Many of you will have heard of the ‘10,000 hour rule’ as a magical marker required to become an expert. This rule coined by Malcom Gladwell in his book Outliers, claimed that it takes ten thousand hours of practice to become a master in most fields.

The original study conducted by K. Anders Ericsson in 1993 was based on research with violin students in a music academy in Berlin and is a major part of scientific literature on expert performers. It is this research, more so than Gladwell’s catchy phrase, that is valuable to the coaching community.

Ericsson and colleagues suggest that mastery or expert performance does need the significant accumulation of many hundreds, possibly thousands of hours.

However, simply accumulating several thousand hours does not make you an expert. Think about how many hours you have accumulated behind the wheel of a car; are you an expert driver? No. Why? Because the hours invested have just been about driving time, with little thought behind it.

These hours could be regarded as naive practice hours. By not investing any thinking toward how to do the task, not integrating challenges to stretch the quality of performance and not undertaking reflection to consider how effective you were, all those hours behind the wheel are almost automated

Achieving mastery requires the accumulation of several thousand hours or deliberate or purposeful practice, not just automated practice.

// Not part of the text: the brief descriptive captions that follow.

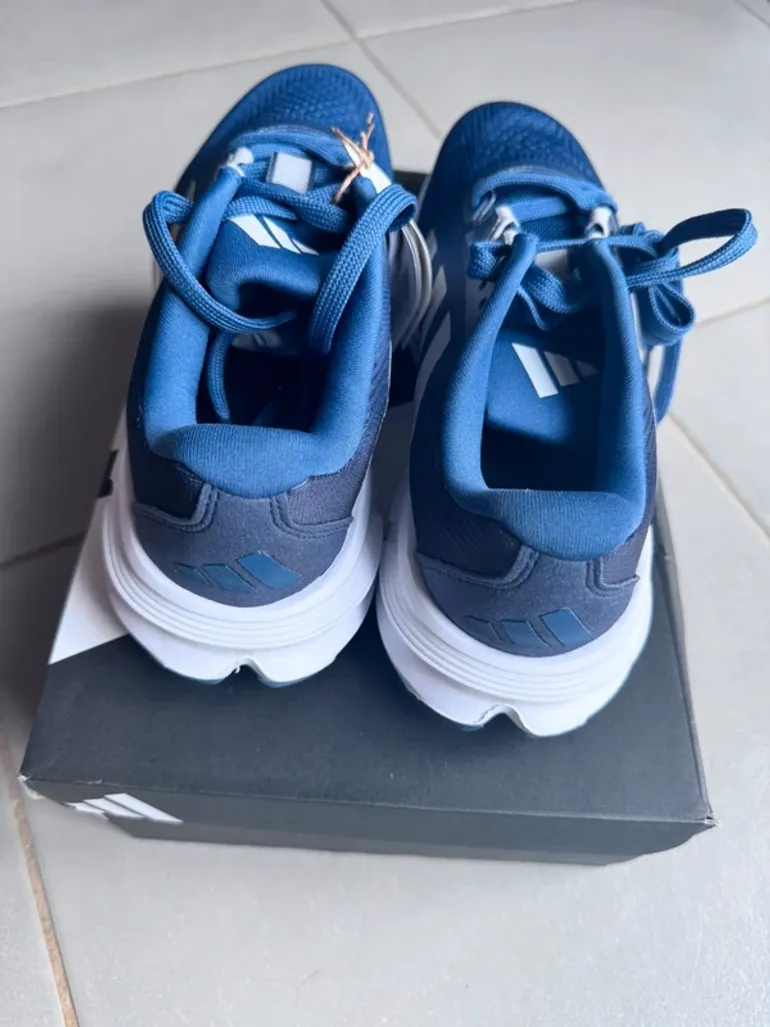 Used Adidas Questar 3 M bike — image 6 of 10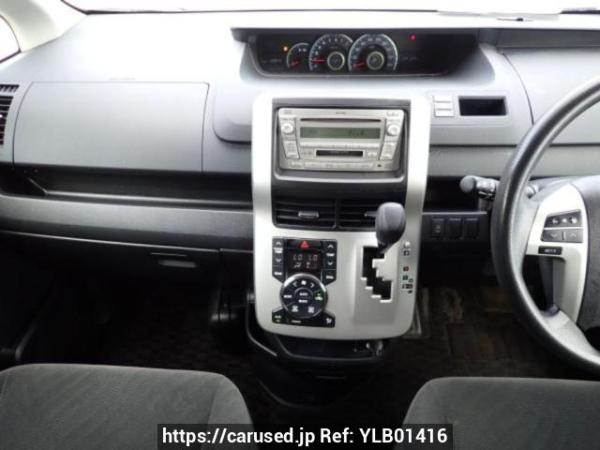 Used 2010 AT toyota noah ZRR70G Image[19]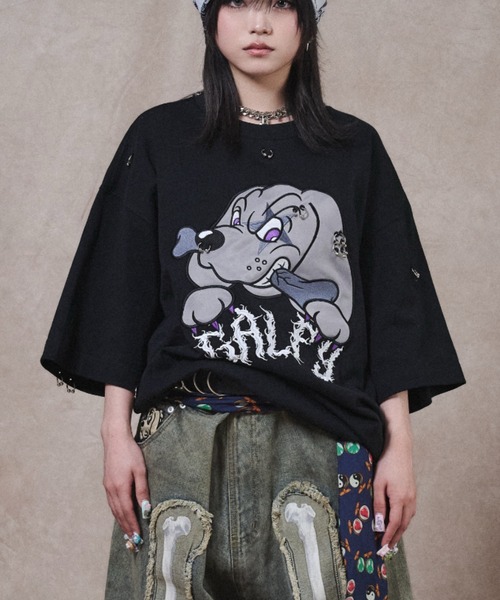 GALFY（ガルフィー）の「【GALFY】バチバチピアスTee / 【ガルフィー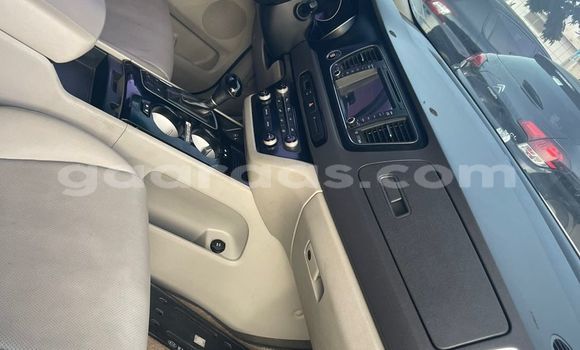 Buy Import Kia Carnival White Car in Dakar in Dakar Buy Import Kia Carnival White Car in Dakar in Dakar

Ericsson and Pool in their book Peak: Secrets From The New Science of Expertise Purposeful Practice (2016) state that purposeful practice has several characteristics which set it apart from repeat or naive practice. Purposeful practice:

  1. Has well defined specific goals. Any goal set will determine what is going to be achieved. Whether these are long term or short term, achieving success needs a plan that clearly describes how those goals will be achieved. A step-by-step plan for each season, each game, each session and each element of each session needs to be considered and clearly identified. This plan will also act as a tool for monitoring and evaluating progress and success.
  2. Is focused. Performance improvement requires full and undivided attention throughout the planning, delivery and evaluation phases.
  3. Involves feedback. Players and coaches need to know whether they are doing something right or not. Others can generate feedback but perhaps the most critical feedback comes from within. The ability to self-detect and correct errors is an incredibly important skill.  Without this insight, either from yourself or others, it is almost impossible to tell how close you are to achieving your goals.
  4. Requires getting out of ones comfort zone. This is potentially the most important element of purposeful practice. Setting goals that challenge you to stretch just beyond your reach and step outside of your comfort zone are key. This means trying to do something that you couldn't do before. Inevitably this may mean running into roadblocks. The ability to navigate these roadblocks is one of the hidden keys to purposeful practice. Working harder is not always the answers, thinking and acting differently is often part of the solution to improved performance.

SEE ALSO: How to set M.A.G.I.C. goals to achieve excellence 

Think about how you create your coaching environment. Think about every element of every coaching practice of every week within and across the season. How effectively are your players engaged in purposeful practice?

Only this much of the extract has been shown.